**Problem statement:**
The answer should hold only the lines from the one that contains "Qaba Toddler Swing" through the last line of the material, repeated exactly, without pictures.

**Data section:**
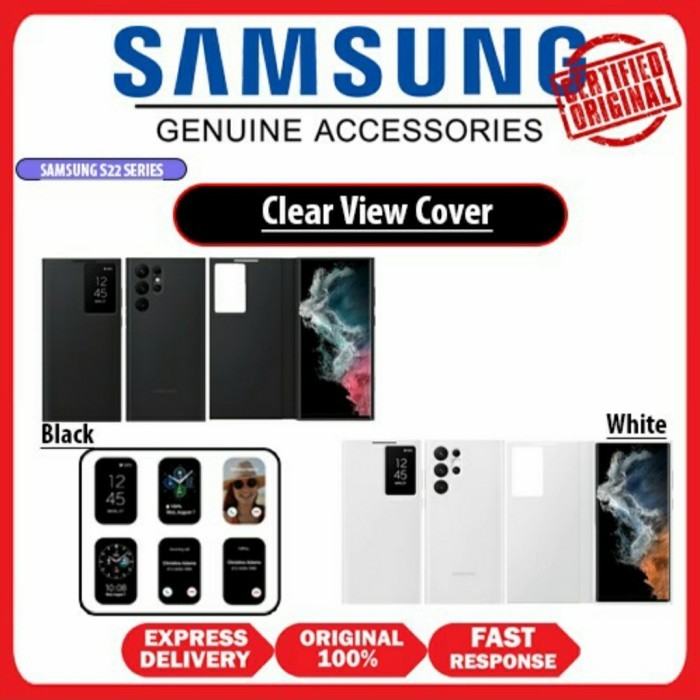 Original Clear View Folio Flip Case Samsung Galaxy S22 Ultra Plus - Black, S22 Ultra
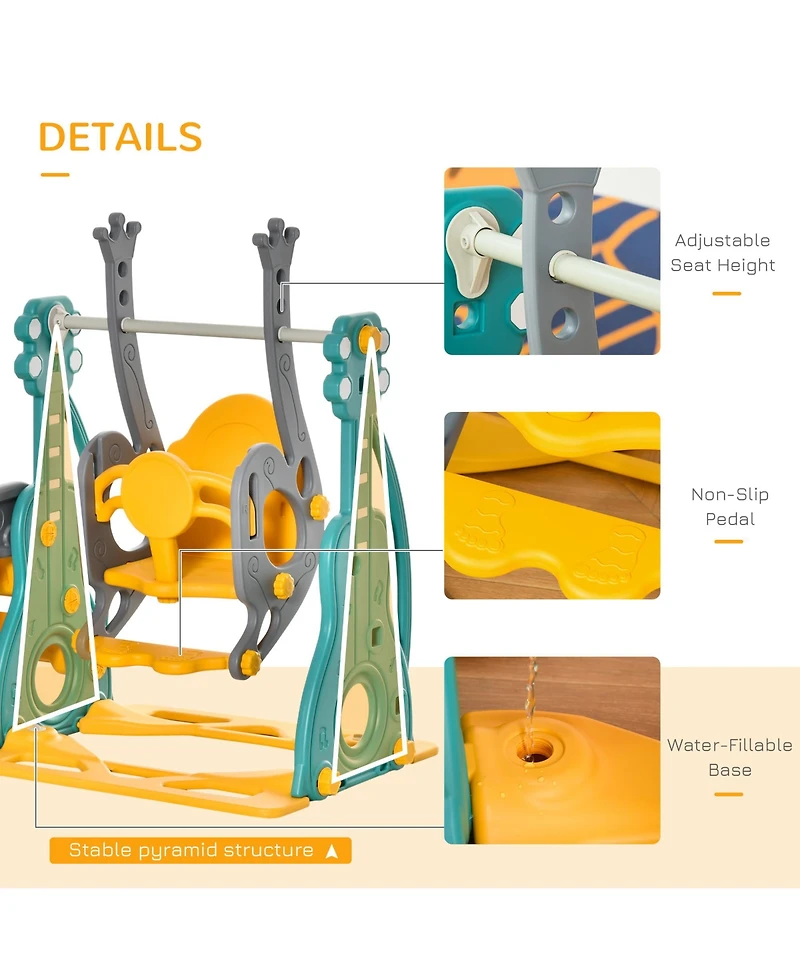 Qaba Toddler Swing and Slide Set with Basketball Hoop, Guitar Theme,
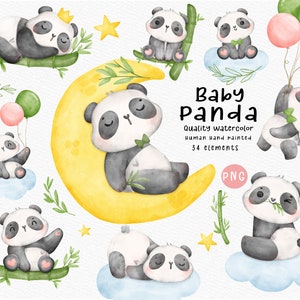 Conjunto de clipart PNG de aquarela de urso panda para chá de bebê - ursinhos gigantes e pequenos, ilustrações de berçário prontas para usar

**Answer box:**
 Qaba Toddler Swing and Slide Set with Basketball Hoop, Guitar Theme,
 Conjunto de clipart PNG de aquarela de urso panda para chá de bebê - ursinhos gigantes e pequenos, ilustrações de berçário prontas para usar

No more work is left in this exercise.